Here’s the short of it: If one single author or editor was responsible for Torah (tradition says that Moses was behind it to a large degree), then one would expect the usage and definition of words over the course of those 5 books to be consistent. The word translated ‘earth’ during the ‘creation story’ literally means ‘dirt beneath your feet’, and is translated through-out the rest of the torah as ‘land’, most often referring to the ‘promised land’. The word translated ‘heavens and earth’ is a Hebrew phrase that doesn’t mean ‘land’, but ‘all that is’ – in modern terms: ‘universe’. So, here’s the creation story in total – “In the beginning (which is not a specific time, but in Hebrew is the equivalent to our phrase “when I was younger”, meaning that some undetermined period of time sometime in the distance past) God created (the word ‘created’ in Hebrew can mean any number of things, which I’ll address next) the ‘Heavens and the Earth’ (i.e. – all that exists). That’s the entire Creation Story from a Historical Creationist perspective. That’s all God tells us about the creation – no details.

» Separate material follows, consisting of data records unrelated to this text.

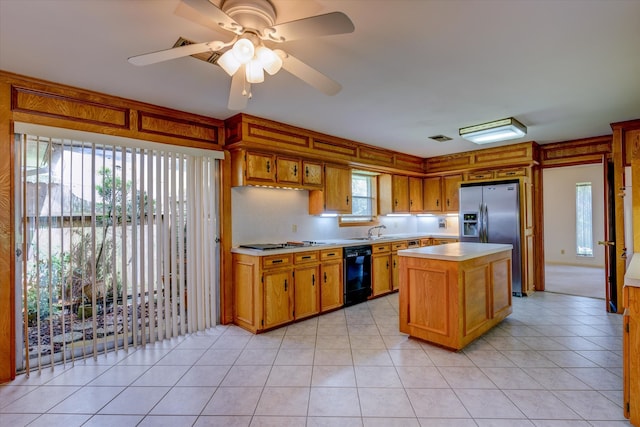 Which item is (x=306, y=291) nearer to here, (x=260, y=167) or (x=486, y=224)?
(x=260, y=167)

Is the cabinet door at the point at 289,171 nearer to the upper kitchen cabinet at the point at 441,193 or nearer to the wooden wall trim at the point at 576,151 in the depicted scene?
the upper kitchen cabinet at the point at 441,193

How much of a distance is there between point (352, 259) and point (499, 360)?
207 centimetres

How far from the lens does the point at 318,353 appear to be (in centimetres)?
286

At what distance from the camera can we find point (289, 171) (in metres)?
3.96

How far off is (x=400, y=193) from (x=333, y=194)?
1.79 metres

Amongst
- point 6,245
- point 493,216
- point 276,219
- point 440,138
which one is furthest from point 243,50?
point 493,216

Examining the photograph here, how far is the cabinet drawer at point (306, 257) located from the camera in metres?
3.69

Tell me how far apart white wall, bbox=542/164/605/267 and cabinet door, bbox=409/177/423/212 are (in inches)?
141

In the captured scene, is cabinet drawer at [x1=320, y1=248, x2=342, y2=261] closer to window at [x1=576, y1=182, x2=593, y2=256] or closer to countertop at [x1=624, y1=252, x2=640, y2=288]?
countertop at [x1=624, y1=252, x2=640, y2=288]

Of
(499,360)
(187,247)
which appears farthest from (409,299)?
(187,247)

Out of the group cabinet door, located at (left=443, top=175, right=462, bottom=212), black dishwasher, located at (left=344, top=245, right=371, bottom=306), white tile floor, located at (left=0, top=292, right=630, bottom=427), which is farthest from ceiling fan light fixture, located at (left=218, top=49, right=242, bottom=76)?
cabinet door, located at (left=443, top=175, right=462, bottom=212)

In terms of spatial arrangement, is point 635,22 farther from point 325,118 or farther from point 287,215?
point 287,215

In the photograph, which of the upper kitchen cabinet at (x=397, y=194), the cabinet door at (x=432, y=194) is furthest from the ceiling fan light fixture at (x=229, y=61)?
the cabinet door at (x=432, y=194)

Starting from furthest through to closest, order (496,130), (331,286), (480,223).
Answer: (480,223)
(331,286)
(496,130) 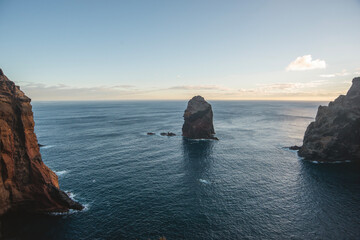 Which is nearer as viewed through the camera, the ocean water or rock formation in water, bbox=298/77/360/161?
the ocean water

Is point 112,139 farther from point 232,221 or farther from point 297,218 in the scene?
point 297,218

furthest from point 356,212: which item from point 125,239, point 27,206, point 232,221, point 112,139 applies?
point 112,139

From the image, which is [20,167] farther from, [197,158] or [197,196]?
[197,158]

As has been said by others after studying this: Since the creation of the universe is finished before the six days of Genesis one ever begin, then what is God doing for the six days throughout the rest of the chapter?

Sailhamer says (and I think I agree with him) God is preparing the Promised Land for the inhabitation of the human race. He is preparing the land, not creating the universe.

Now the earth was formless and empty, darkness was over the surface of the deep, and the Spirit of God was hovering over the waters.”

The phrase ‘Formless and Void’ in Hebrew (our modern translations are all influenced by the Greek concept of this phrase) brings to mind the idea of a desert. In fact, Jewish interpreters around the era 300-200 B.C. rendered the phrase not as “formless and void” but as “desolate without human beings or beasts and void of all cultivation of plants and trees” Basically, the land was unsuitable for human habitation

On the first of what is normally considered a creation day, God says, “Let there be light.” Elsewhere this same phrase is used to describe the sunrise, and is translated as such. Light was not created in our modern understanding, nor was the Sun it was just given a purpose (which is one of the meanings of the Hebrew concept of create): to give light to the land which Gods people will occupy.

Day two, God purposed the clouds to provide rain FOR vegetation (for mankind) in the land.

Day three, the land began to bring forth vegetation the land was no longer wilderness.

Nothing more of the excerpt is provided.